- **What to do**:
Go to the line below that has "2024 Toyota RAV4 XLE Premium 10", print it and each line after it exactly, and stop after the line that has "Soldados chinos de"; leave out pictures.

[Image-text web data]
+ + + + +
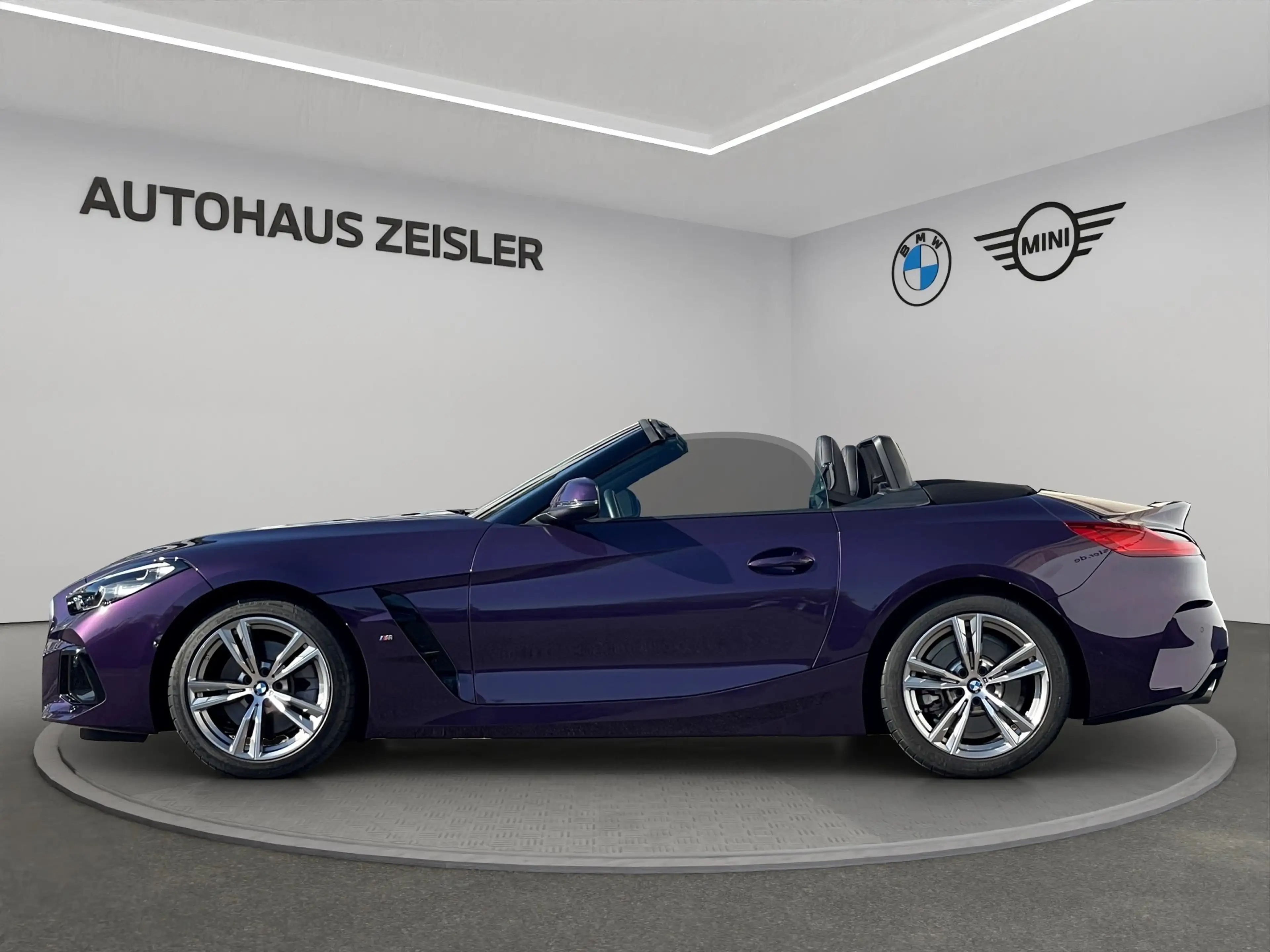 BMW Z4 sDrive20i — photo 4
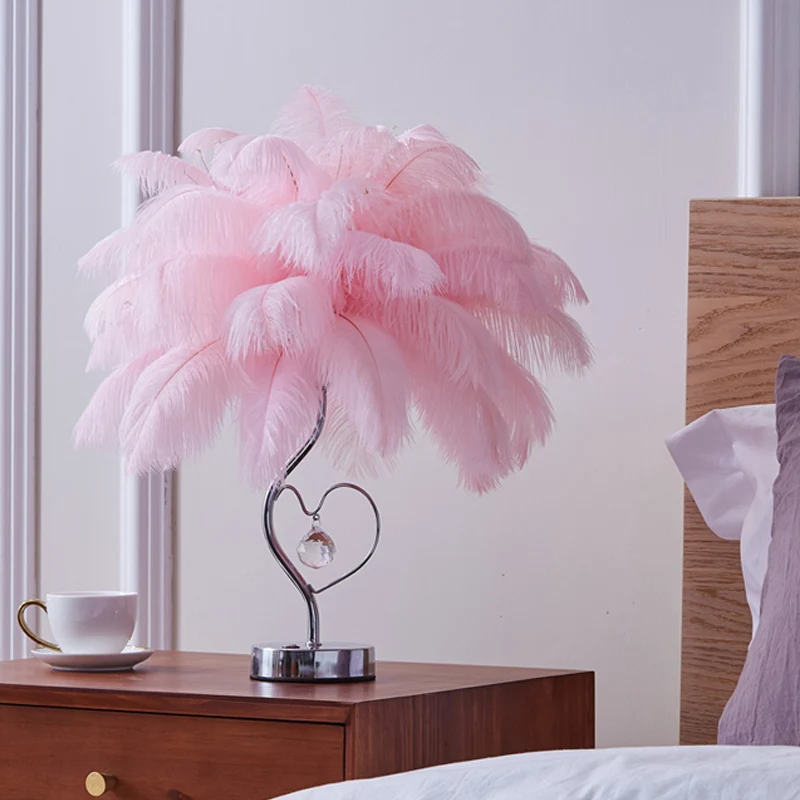 Palmboom Feather Tafelverlichting Modern Romantisch Roze/Wit LED-nachtkastjelamp met K9 Crystal Drop Clearhalo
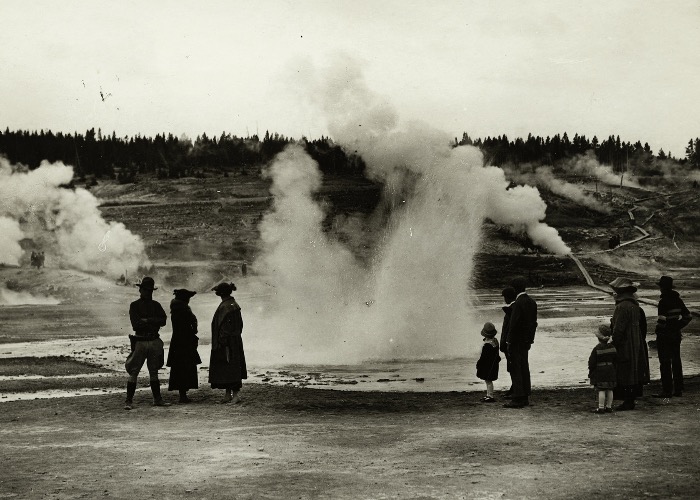 Incredible Historic Images Of Yellowstone Through The Decades ...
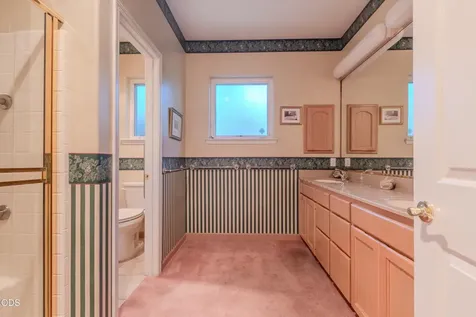 401 Golf View Drive Medford OR 97504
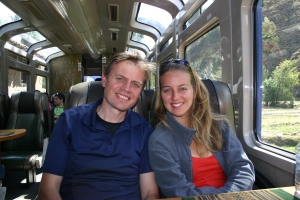 Papa und Veronica im Zug nach Aguas Calientes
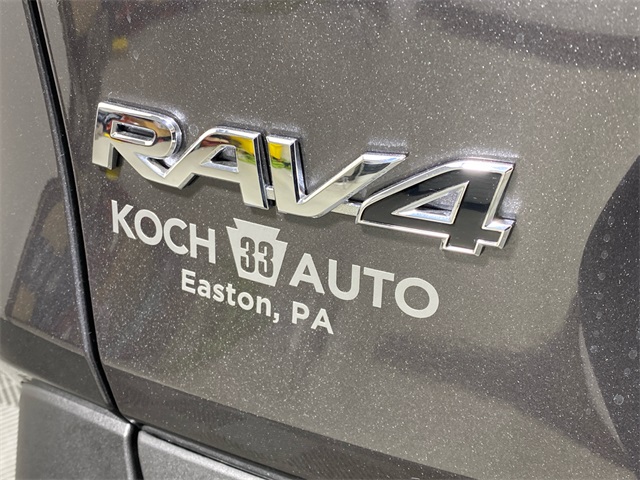 2024 Toyota RAV4 XLE Premium 10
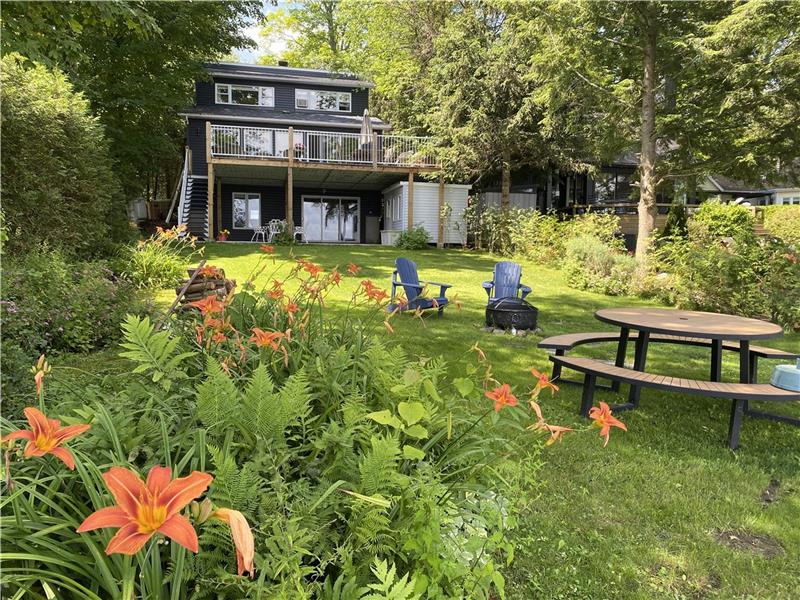 Cottage for Rent LacBrome Cottage Rental PL7811 ChaletsAuQuebec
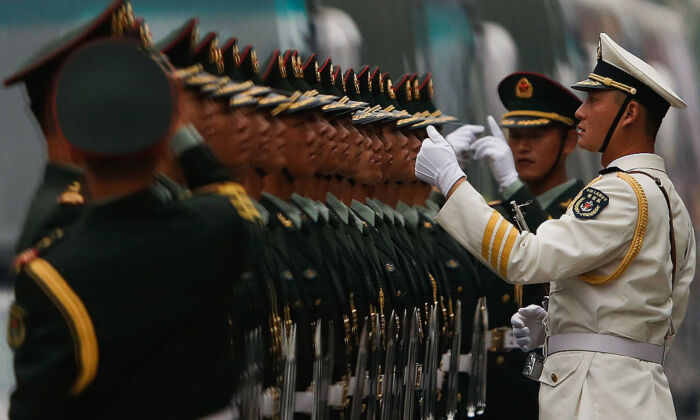 Soldados chinos de pie para la inspección durante una ceremonia de bienvenida para el presidente de Venezuela Nicolás Maduro Moros en Beijing el 22 de septiembre de 2013. (Lintao Zhang/Getty Images)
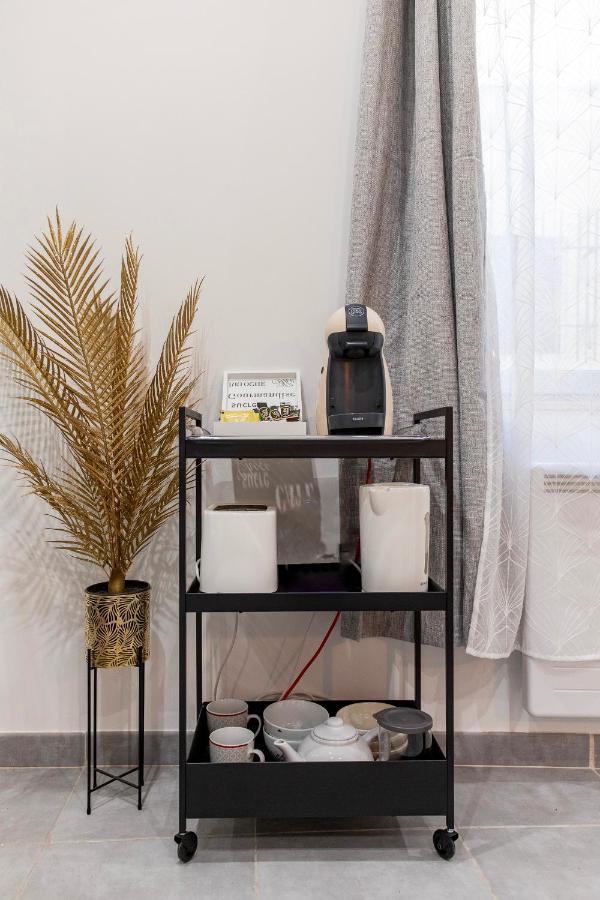 Studio Cosy Au Coeur De L'Ecusson - Arenes A 2 Min Nîmes Eksteriør billede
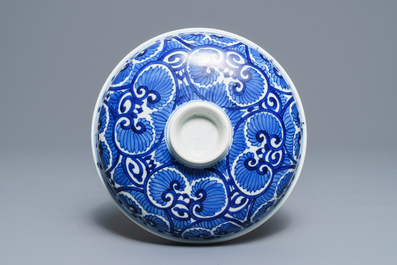 Een grote Chinese blauwwitte dekselkom met floraal decor, Kangxi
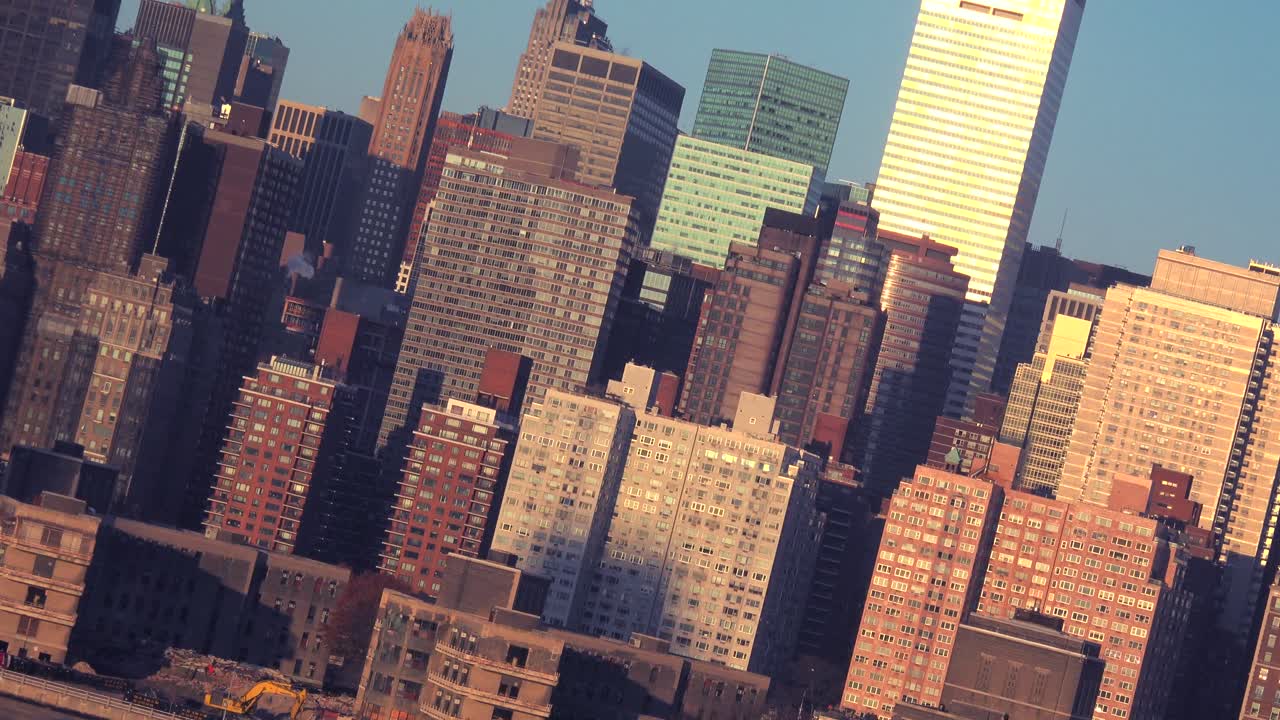 Un'angolazione distorta di grattacieli a Manhattan, New York City.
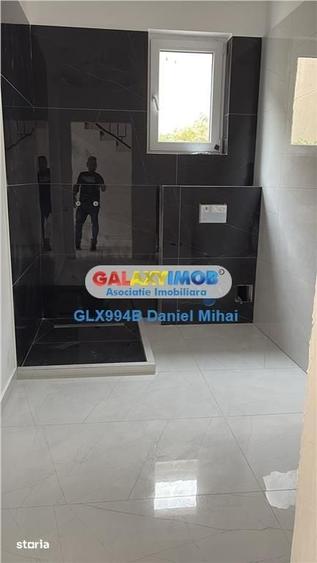 Casă cu 4 camere cu Teren 220 Mp în Central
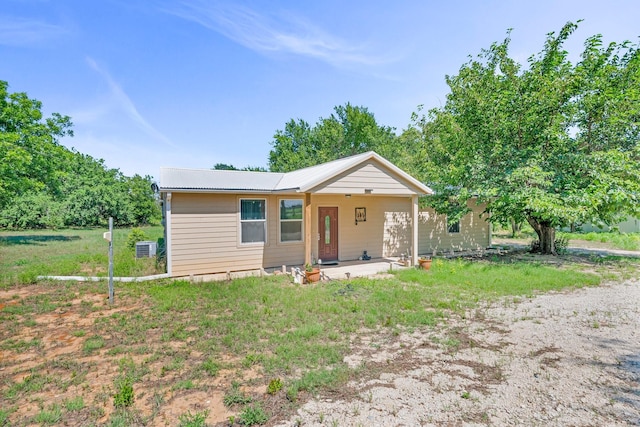 view of front of property featuring covered porch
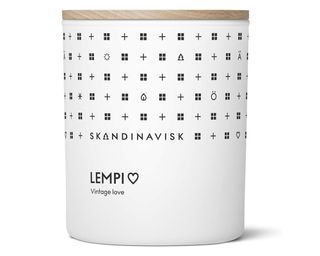 Skandinavisk Lempi Candle in white glass jar with wooden lid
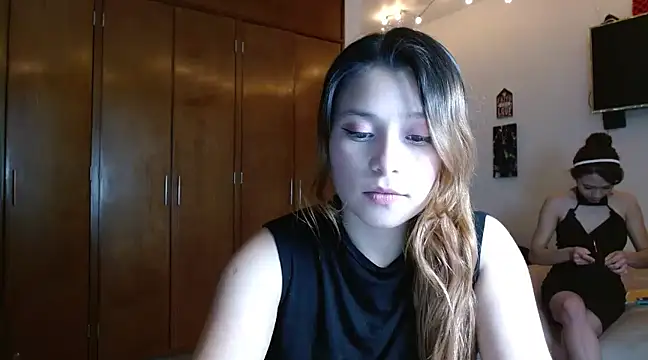 Snapshot of 3littleschoolteens chatting on March 4, 8:49 pm 3littleschoolteens online show from March 4, 8:49 pm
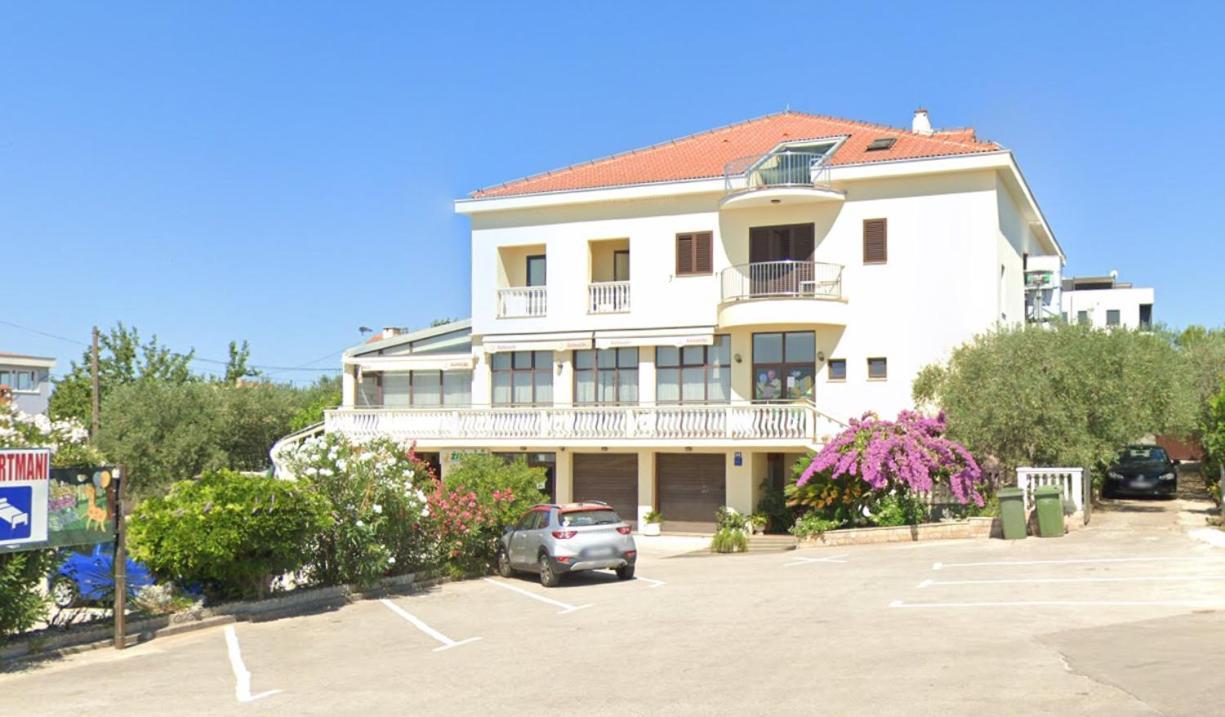 Guest House Krsevan Zadar Exterior photo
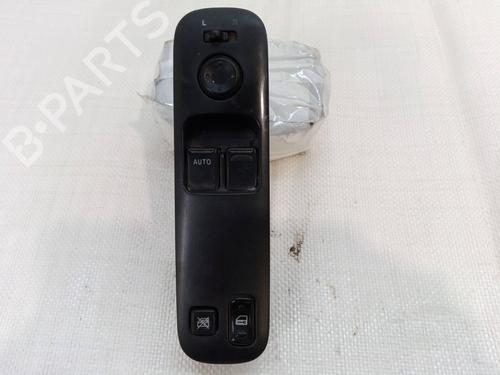 Used Left front window switch Left front window switch SUZUKI GRAND VITARA I (FT, HT) 2.0 HDI 110 16V 4x4 (SQ420D, TD83V, JA420WD) (109 hp) 33462513 33462513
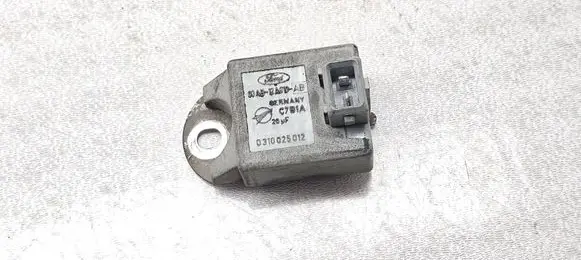 Ford Mondeo Mk III Ignition amplifier control unit 93AB12A019AB C7B1A 0310025012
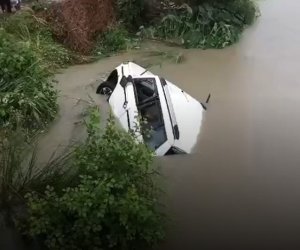 Hindistanda avtomobilin çaya aşması nəticəsində 11 nəfər ölüb
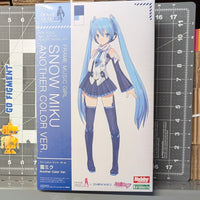 Hatsune Miku Frame Music Girl Snow Miku Another Color Ver Model Kit new in box by Blokees collectible plastic model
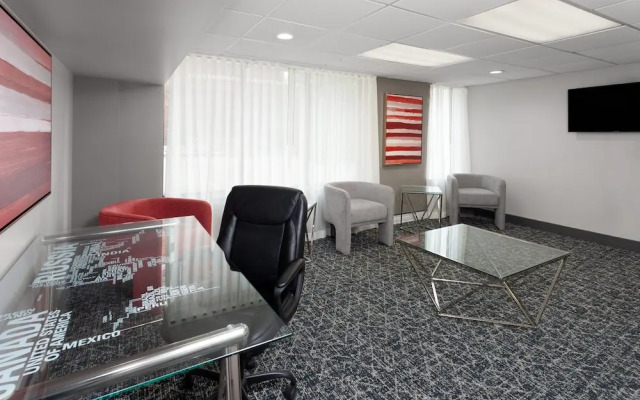 Ramada by Wyndham Milwaukee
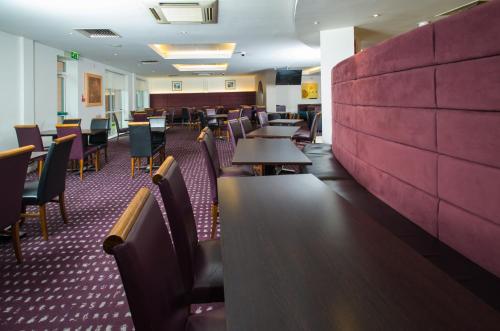 holiday inn express bedford by ihg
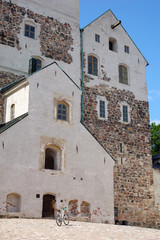 Fototapeta na wymiar Haute façade du château médiéval de Turku - 2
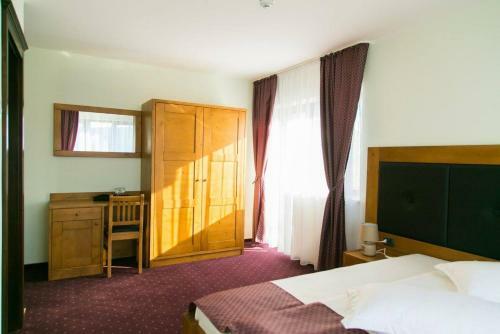 Hostal White House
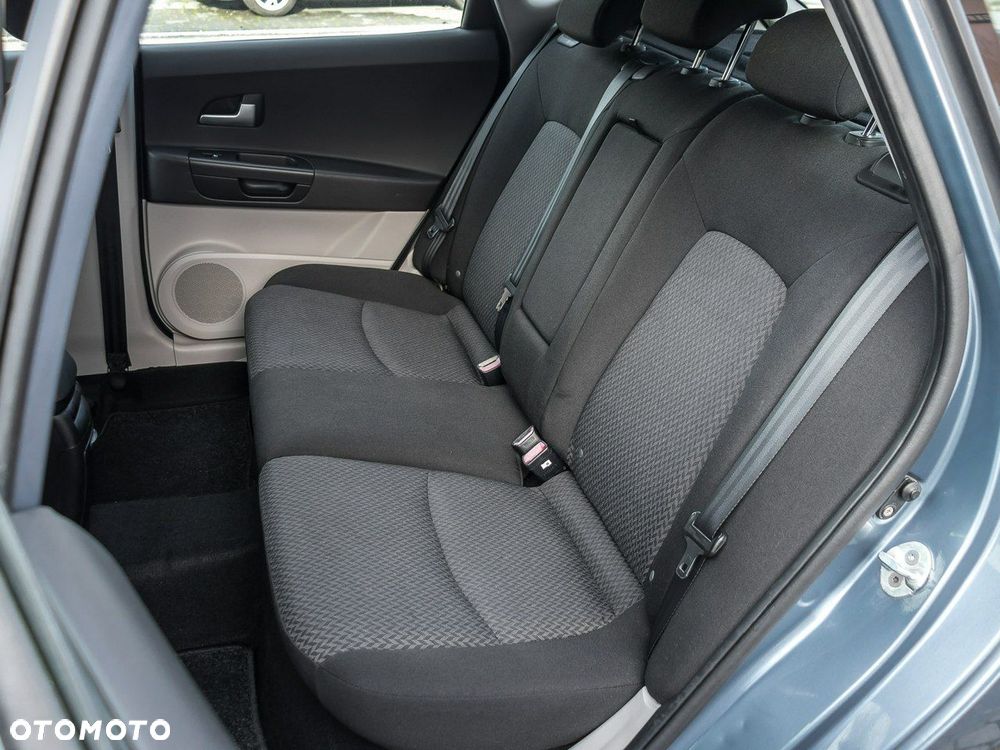 Kia Ceed 1.4 CVVT Attract - 19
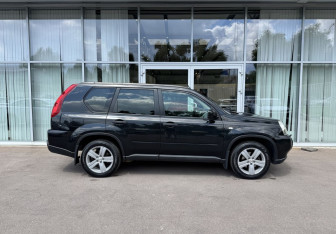 Подержанный автомобиль Nissan X-Trail 2007 года (4 фото)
+ + + + +
- **Response for this exercise**:
 2024 Toyota RAV4 XLE Premium 10
 Cottage for Rent LacBrome Cottage Rental PL7811 ChaletsAuQuebec
 Soldados chinos de pie para la inspección durante una ceremonia de bienvenida para el presidente de Venezuela Nicolás Maduro Moros en Beijing el 22 de septiembre de 2013. (Lintao Zhang/Getty Images)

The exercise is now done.